Sharp, dark, humorous
I am not here to defend Margaret Atwood’s latest collection of poetry, Dearly, since I have not read it, but I think that David Mason’s review of it (ABR, March 2021) does her poetry a disservice in dismissing it with such statements as ‘across more than sixty years her verse has hardly evolved beyond the serviceable technique we could see at the start’.

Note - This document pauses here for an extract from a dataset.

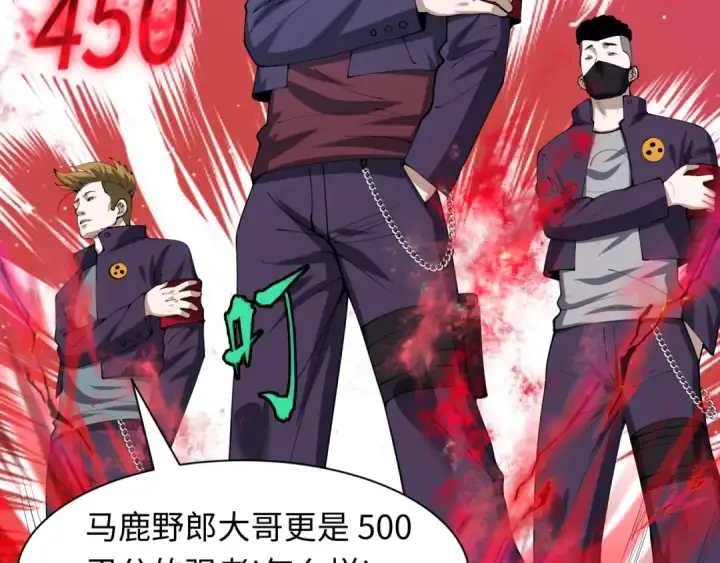 《全球诡异时代》第460话 扶桑篇图126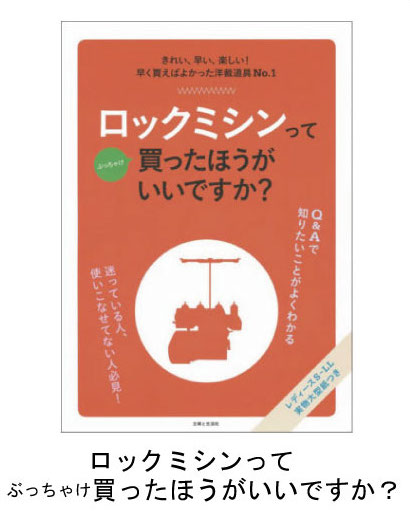  ロックミシンってぶっちゃけ買ったほうがいいですか？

There is great variation in Atwood’s collections. For my money, her best are Power Politics (1971) and You Are Happy (1974), but there are notable poems in her other books. At its best, her poetry can be sharp, dark, humorous, surprising, mesmerising – even moving. There is vivid imagery, apt rhythm. Here’s a bit I like from ‘The Woman Who Could Not Live With Her Faulty Heart’ (Two-Headed Poems ): ‘All hearts float in their own / deep oceans of no light, / wetblack and glimmering, / their four mouths gulping like fish.’ Maybe this new collection isn’t one of Atwood’s best – maybe it’s no good at all – and I can appreciate that it may be annoying that her poetry (whether good or not) attracts so much attention because of the success of her prose. Sure, her poetry won’t be to everyone’s taste. But I believe that writing off all the poetry she’s published for any one of these reasons is unnecessary and unwarranted. For the good stuff, I recommend Atwood’s Eating Fire: Selected poetry 1965–1995.
The Proper Beach Caves
My sincere thanks for giving serious space to The Beach Caves (ABR, March 2021). It’s not an honour I take lightly. To the review itself. The pedantry is impressive, but you could perhaps mention to Andrew McLeod that the first rule of reviewing is to review the book on the page, in the time and place in which it is set, not the book he believes the author should have written. Alternatively, perhaps I should send him all my notes and waive my copyright so that he can rewrite the novel to his specs and give it a better title, something snappy like The Proper Beach Caves.
Andrew McLeod replies:
I stand fully behind my review of Trevor Shearston’s The Beach Caves. I respectfully disagree with his understanding of the role of the literary critic. For mine, the task of the critic is to engage with a work, consider whether it achieves what it sets out to achieve, and to offer their own thoughts on it. This includes consideration of the work’s place in the cultural discourse in which it is published.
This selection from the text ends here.